Je voyais Cynthia, à chaque pause, s’asseoir devant le miroir et se brosser les cheveux. Je me délectais en m’imaginant comment elle se sentait. J’entendais le bruit de la brosse à cheveux comme si je l’avais empoignée moi-même et la faisais passer sur mon front, mes tempes, tout près de mon oreille. J’étais calme, détendu, je me sentais heureux, rassasié - et pourtant mon corps était tendu, prêt à se lever, à se précipiter vers Cynthia. Je ne pouvais m’empêcher d’anticiper, comme elle, l’excitation, la satisfaction qui résulteraient des gestes que nous exécuterions dans quelques instants. Car je savais, comme elle, que, selon un rituel bien établi et que nous respections tous deux, à chaque fois que celui qui avait endossé le corps de Cynthia s’asseyait devant le miroir et se brossait les cheveux, celui qui avait endossé mon corps s’asseyait sur le lit, regardait le corps assis sur la chaise devant lui, l’air détendu, rêveur, se perdant dans la réflexion de ce à quoi pensaient, ce que ressentaient, espéraient les deux personnes dans cette chambre à coucher, puis, tout à coup (mais tous deux nous connaissions le moment précis où cela se passerait, ce moment, nous l’attendions, nous le désirions) se levait, s’approchait de la chaise et embrassait et caressait le corps de Cynthia.

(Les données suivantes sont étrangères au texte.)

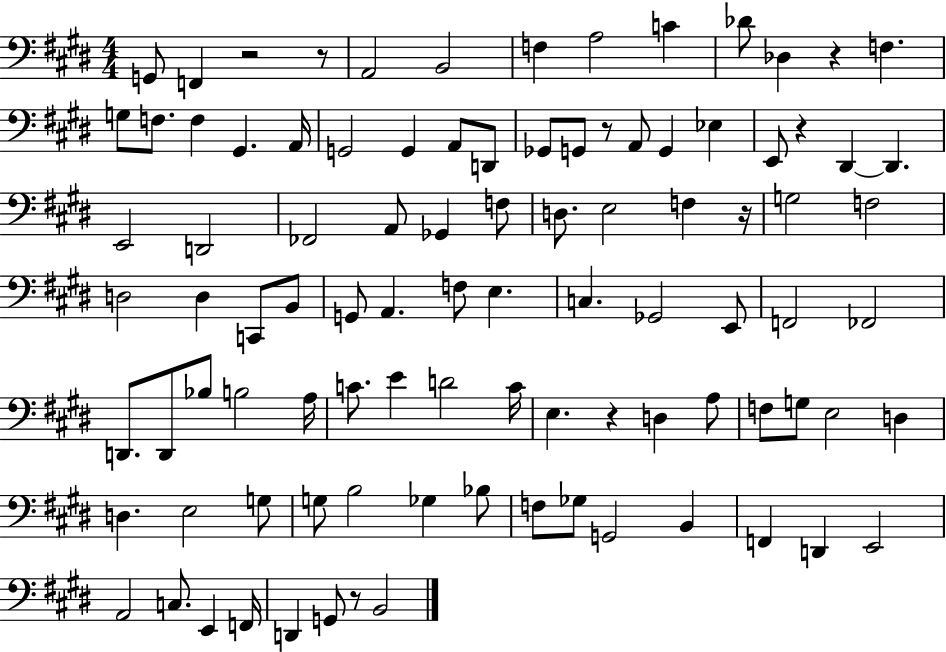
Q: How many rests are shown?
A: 8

Après notre prochaine transformation, ce serait l’inverse: ce serait Cynthia qui, assise sur le lit, ayant adopté mon corps, me regarderait brosser mes cheveux. Alors, tandis que j’étais assis devant le miroir, je jouirais à la perspective de voir cet homme (qui était Cynthia) derrière moi me regarder, de cet air rêveur, faussement détendu, puis, soudain, se lever d’un bond, s’approcher de moi, se pencher, m’embrasser, me caresser – perspective qu’elle avait, elle aussi, au moment même où elle se brossait les cheveux et où je la voyais de dos, apparemment indifférente à ma présence, toute occupée à sa besogne. Ce n’était qu’un leurre, nous le savions tous deux. Nous prétendions ne pas savoir ce qui se passerait. Pourtant, nos attentes non seulement se reflétaient ; elles convergeaient vers un point commun, celui où nous nous approcherions l’un de l’autre pour nous embrasser, nous caresser. Ces trois moments, celui de l’approche, du baiser, de l’attouchement, nous les imaginions tous deux avec la même précision, nous les retardions sciemment, nous les désirions avec la même impatience, la même intensité enivrante.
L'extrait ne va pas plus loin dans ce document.